Queen parkPhoto: Heiko Junge / NTB

The average temperature so far this year is one of the highest ever measured in Norway.

In the first eleven months of the year, Norway’s average temperature was 2.2 degrees above normal for the period. 

The normal temperature is calculated as the average over the thirty years from 1961 to 1990.

At the moment, 2014 holds the record for the warmest year. In that year, the average temperature for Norway was 2.2 degrees above normal. 

2011 has been the second warmest year with 1.8 degrees above normal. 

The national measurements date back to 1900.

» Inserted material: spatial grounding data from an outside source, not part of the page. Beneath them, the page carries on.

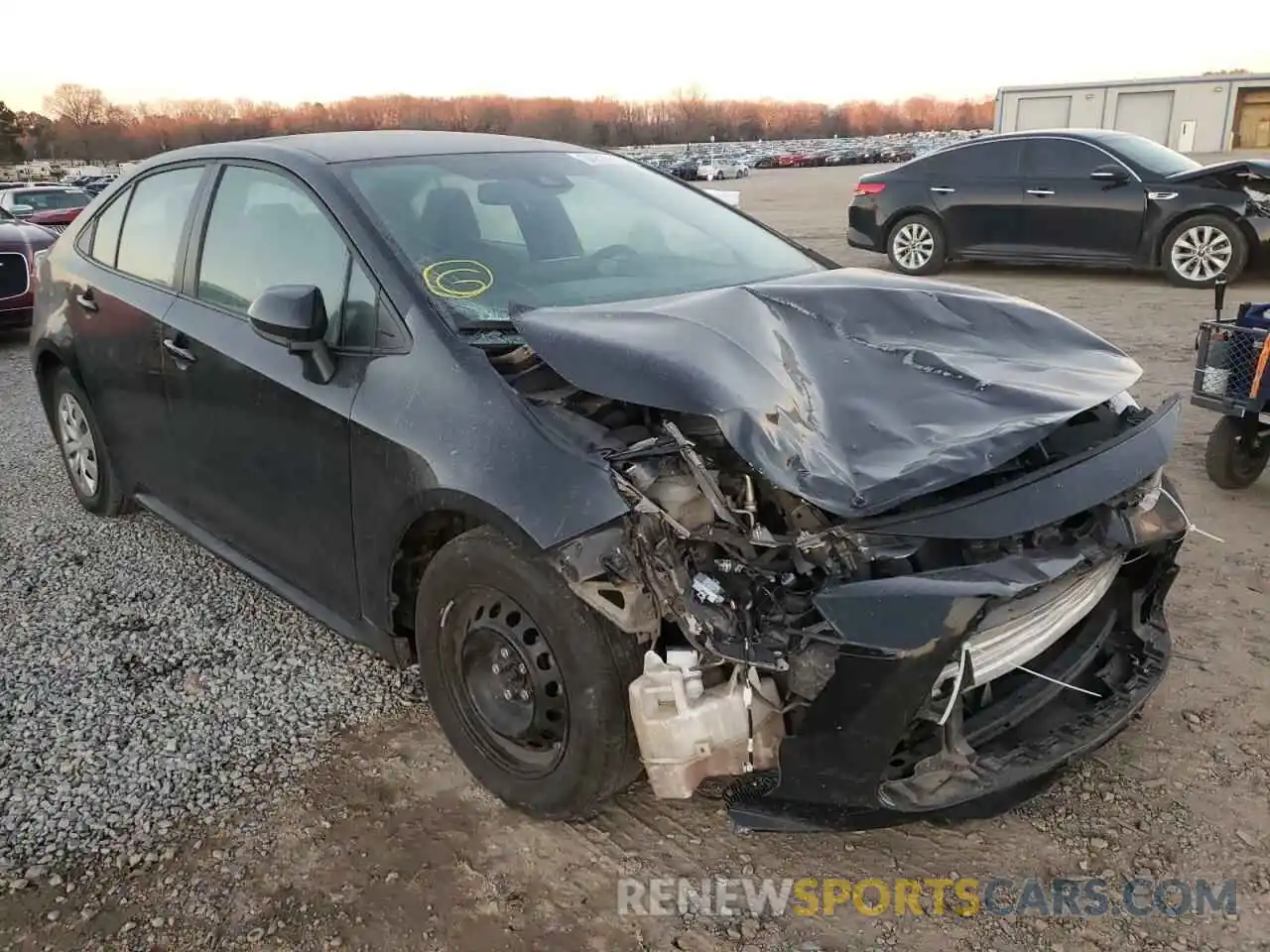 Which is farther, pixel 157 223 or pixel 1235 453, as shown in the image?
pixel 1235 453

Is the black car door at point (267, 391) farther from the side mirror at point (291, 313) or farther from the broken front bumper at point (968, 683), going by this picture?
the broken front bumper at point (968, 683)

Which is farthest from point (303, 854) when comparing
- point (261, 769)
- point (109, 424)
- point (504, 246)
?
point (109, 424)

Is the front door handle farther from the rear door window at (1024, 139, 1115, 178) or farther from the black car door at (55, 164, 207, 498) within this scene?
the rear door window at (1024, 139, 1115, 178)

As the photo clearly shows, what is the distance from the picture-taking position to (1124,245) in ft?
32.4

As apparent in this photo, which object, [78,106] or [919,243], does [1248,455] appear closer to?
[919,243]

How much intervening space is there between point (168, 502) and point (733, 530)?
2.62 meters

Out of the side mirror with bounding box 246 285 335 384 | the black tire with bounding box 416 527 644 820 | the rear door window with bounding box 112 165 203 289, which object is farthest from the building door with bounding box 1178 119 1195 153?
the black tire with bounding box 416 527 644 820

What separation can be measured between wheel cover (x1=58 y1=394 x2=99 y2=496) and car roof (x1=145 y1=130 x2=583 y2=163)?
1343 mm

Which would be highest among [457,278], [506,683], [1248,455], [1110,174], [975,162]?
[975,162]

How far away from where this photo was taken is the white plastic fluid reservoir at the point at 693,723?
83.7 inches

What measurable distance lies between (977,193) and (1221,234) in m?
2.39

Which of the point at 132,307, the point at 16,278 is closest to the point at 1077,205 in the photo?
the point at 132,307

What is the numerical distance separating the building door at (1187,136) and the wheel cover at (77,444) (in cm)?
5370

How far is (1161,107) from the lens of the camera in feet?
157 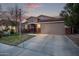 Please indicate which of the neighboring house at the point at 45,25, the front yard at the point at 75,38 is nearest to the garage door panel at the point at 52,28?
the neighboring house at the point at 45,25

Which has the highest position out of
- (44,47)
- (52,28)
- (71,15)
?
(71,15)

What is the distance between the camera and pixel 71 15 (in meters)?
4.30

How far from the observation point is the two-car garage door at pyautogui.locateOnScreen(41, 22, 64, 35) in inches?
170

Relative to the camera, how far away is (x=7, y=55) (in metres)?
4.29

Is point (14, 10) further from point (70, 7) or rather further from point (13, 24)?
point (70, 7)

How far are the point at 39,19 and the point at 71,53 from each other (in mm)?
561

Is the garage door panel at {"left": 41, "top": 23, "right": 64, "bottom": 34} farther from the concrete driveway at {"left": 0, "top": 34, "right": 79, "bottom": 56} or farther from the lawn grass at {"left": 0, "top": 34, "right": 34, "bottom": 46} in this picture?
the lawn grass at {"left": 0, "top": 34, "right": 34, "bottom": 46}

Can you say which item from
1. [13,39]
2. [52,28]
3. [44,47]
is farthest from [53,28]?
[13,39]

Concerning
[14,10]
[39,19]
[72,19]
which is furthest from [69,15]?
[14,10]

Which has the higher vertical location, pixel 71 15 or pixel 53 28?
pixel 71 15

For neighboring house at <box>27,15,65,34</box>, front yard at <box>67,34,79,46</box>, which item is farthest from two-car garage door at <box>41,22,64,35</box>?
front yard at <box>67,34,79,46</box>

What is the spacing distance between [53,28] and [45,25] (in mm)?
104

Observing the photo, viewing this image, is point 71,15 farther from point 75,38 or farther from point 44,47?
point 44,47

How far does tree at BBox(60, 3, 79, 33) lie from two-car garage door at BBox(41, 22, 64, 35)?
88mm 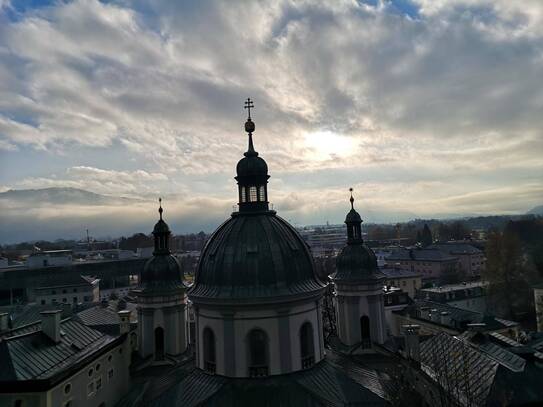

“We still have to wait until December is over before we know which year will be the warmest. But we can already say that 2020 will be one of the warmest years we have measured,” climate researcher Reidun Gangstø Skaland at the Meteorological Institute noted.

Didn’t feel that way

Although 2020 is set to be the warmest or second warmest year in Norway, it may not have felt so hot for many Norwegians.

“Most people have a holiday in July, and it was cold in July this year. The same was the case with May. But it is the persistent mild weather in the autumn and winter that makes us likely to have a record hot year this year,” state meteorologist Rafael Escobar Løvdahl at the Meteorological Institute added.

2020 is also set to be one of the warmest years on record globally. 

Reidun Gangstø Skaland emphasizes that the fact that a single year is extra hot is not necessarily due to climate change.

“But climate change means that the trend is constantly rising and that the probability increases that we will experience record warm years,” she noted.